All of Borana’s Anti-Poaching rangers are from the local community © Claudia Legge
How does Borana aim to become a broader stabilising influence in this landscape?
Michael: As mentioned, we work hand in hand with Lewa Conservancy along with the Northern Rangelands Trust and the Kenya Conservancies Association, so these are immediate and very local. Highlighted for us during the 2016/17 drought, was that every river in the Laikipia Central Highlands, west of us, dried up. The only rivers that continued to flow throughout that period to historical levels were the rivers we managed through our River Users Association, which was the Ngare Ndare and Ngera Sirikon Rivers. If you work collaboratively as a co-dependent community by rationing appropriately and with everybody communicating, you can share resources more equitably. These are some of the things we are trying to champion in this region.
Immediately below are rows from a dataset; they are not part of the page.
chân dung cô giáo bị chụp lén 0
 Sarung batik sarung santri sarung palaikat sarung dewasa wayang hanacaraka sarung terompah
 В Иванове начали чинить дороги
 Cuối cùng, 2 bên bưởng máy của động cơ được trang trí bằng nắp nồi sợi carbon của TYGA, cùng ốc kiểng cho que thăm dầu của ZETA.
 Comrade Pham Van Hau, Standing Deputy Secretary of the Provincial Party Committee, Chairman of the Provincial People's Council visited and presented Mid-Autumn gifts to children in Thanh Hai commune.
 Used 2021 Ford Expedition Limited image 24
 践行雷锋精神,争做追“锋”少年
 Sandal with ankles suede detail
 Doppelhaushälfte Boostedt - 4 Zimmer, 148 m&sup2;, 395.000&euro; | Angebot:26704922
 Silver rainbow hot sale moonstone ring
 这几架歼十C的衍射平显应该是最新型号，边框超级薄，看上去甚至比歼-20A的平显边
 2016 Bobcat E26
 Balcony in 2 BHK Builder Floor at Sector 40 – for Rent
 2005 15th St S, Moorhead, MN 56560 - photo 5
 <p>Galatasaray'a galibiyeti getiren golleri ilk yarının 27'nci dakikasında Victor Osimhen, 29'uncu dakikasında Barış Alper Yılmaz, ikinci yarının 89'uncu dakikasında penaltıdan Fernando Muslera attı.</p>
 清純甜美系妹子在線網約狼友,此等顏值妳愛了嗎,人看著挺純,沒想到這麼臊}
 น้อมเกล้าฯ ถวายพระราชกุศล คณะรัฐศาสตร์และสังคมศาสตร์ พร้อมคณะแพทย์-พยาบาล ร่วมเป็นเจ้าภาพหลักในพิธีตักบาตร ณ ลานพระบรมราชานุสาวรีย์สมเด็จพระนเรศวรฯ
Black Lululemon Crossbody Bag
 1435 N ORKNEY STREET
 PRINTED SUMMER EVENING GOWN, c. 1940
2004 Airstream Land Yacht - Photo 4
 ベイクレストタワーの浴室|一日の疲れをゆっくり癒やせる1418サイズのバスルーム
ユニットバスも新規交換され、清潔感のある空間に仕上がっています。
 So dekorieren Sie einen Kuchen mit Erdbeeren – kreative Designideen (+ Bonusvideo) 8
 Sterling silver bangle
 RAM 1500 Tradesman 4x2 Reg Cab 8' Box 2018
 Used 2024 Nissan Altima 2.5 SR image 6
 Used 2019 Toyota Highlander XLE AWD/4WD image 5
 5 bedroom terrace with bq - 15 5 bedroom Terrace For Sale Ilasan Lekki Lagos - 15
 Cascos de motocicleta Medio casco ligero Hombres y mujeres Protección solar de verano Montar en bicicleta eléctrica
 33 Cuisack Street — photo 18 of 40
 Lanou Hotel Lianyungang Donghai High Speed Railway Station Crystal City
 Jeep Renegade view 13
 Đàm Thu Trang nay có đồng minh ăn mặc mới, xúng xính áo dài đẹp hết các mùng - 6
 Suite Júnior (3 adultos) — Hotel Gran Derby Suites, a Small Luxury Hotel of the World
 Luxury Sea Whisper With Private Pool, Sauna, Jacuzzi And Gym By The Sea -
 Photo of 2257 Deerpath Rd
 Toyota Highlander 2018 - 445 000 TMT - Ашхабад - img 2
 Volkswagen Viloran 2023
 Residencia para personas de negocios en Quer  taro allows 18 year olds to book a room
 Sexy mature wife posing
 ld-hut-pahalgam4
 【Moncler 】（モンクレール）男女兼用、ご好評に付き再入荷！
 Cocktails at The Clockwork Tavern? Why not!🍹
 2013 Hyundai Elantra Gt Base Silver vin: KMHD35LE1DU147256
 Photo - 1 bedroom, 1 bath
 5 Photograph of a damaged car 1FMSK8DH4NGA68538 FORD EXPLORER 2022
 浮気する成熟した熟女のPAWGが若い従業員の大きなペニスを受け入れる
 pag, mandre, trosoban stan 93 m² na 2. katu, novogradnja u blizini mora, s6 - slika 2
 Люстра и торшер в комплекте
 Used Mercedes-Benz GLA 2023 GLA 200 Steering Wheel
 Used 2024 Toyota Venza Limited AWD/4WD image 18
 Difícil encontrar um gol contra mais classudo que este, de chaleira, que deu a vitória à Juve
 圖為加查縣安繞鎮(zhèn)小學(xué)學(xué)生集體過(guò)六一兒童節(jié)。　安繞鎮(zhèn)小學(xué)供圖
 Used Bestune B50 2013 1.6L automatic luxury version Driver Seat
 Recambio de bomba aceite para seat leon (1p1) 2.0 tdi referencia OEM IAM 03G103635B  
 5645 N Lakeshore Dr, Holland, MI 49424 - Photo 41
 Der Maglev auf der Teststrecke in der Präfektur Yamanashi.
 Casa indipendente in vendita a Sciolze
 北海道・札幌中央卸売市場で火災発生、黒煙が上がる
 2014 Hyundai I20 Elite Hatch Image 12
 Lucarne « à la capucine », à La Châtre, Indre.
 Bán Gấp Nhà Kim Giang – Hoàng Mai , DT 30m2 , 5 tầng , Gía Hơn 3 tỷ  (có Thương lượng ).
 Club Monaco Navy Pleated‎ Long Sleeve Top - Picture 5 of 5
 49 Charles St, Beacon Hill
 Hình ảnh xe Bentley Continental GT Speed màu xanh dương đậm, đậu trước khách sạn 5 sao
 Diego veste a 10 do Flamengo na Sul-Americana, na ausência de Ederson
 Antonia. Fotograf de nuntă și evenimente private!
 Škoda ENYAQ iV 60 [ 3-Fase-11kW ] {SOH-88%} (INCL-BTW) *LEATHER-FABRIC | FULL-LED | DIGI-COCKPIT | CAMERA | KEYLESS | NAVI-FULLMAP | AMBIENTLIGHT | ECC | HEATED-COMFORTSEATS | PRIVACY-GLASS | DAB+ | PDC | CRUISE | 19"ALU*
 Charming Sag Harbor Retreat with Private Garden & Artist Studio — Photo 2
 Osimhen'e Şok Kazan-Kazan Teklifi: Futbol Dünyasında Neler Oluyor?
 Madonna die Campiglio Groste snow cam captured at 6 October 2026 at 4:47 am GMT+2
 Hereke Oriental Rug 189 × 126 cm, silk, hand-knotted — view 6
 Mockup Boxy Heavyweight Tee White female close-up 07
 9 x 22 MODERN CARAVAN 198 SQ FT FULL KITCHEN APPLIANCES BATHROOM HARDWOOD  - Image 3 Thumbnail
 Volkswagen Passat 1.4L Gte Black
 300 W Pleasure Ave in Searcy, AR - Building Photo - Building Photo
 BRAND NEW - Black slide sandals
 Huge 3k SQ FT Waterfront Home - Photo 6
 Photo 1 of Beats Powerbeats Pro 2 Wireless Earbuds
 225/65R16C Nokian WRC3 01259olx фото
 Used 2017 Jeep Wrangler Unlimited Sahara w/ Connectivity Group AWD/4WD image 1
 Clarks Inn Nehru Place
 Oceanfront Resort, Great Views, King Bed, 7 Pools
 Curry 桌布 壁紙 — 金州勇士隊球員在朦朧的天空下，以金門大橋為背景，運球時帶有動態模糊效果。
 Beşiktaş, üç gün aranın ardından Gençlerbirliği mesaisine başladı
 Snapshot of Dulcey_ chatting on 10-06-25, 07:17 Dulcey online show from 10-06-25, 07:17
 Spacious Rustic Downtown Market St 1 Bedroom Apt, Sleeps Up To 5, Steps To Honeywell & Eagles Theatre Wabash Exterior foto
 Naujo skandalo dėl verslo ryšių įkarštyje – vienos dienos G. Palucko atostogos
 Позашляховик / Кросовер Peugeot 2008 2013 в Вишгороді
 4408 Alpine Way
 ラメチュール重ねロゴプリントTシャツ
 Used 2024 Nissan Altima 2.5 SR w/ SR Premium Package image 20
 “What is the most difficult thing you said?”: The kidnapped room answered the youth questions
What do you want your legacy to be in this landscape?
Michael: One of the constraints to effective conservation is the rise of the conservation celebrity when too many hopes are pinned on one person. I never want to be a conservation celebrity. Conservation is a collective responsibility with all participants doing their own small part. Natural capital, the land and resources we all depend upon, needs to be environmentally secure, socially secure, politically secure, and also ideally financially secure. If we can achieve this then we pass wilderness on intact and unburdened to successive generations to nurture for the future.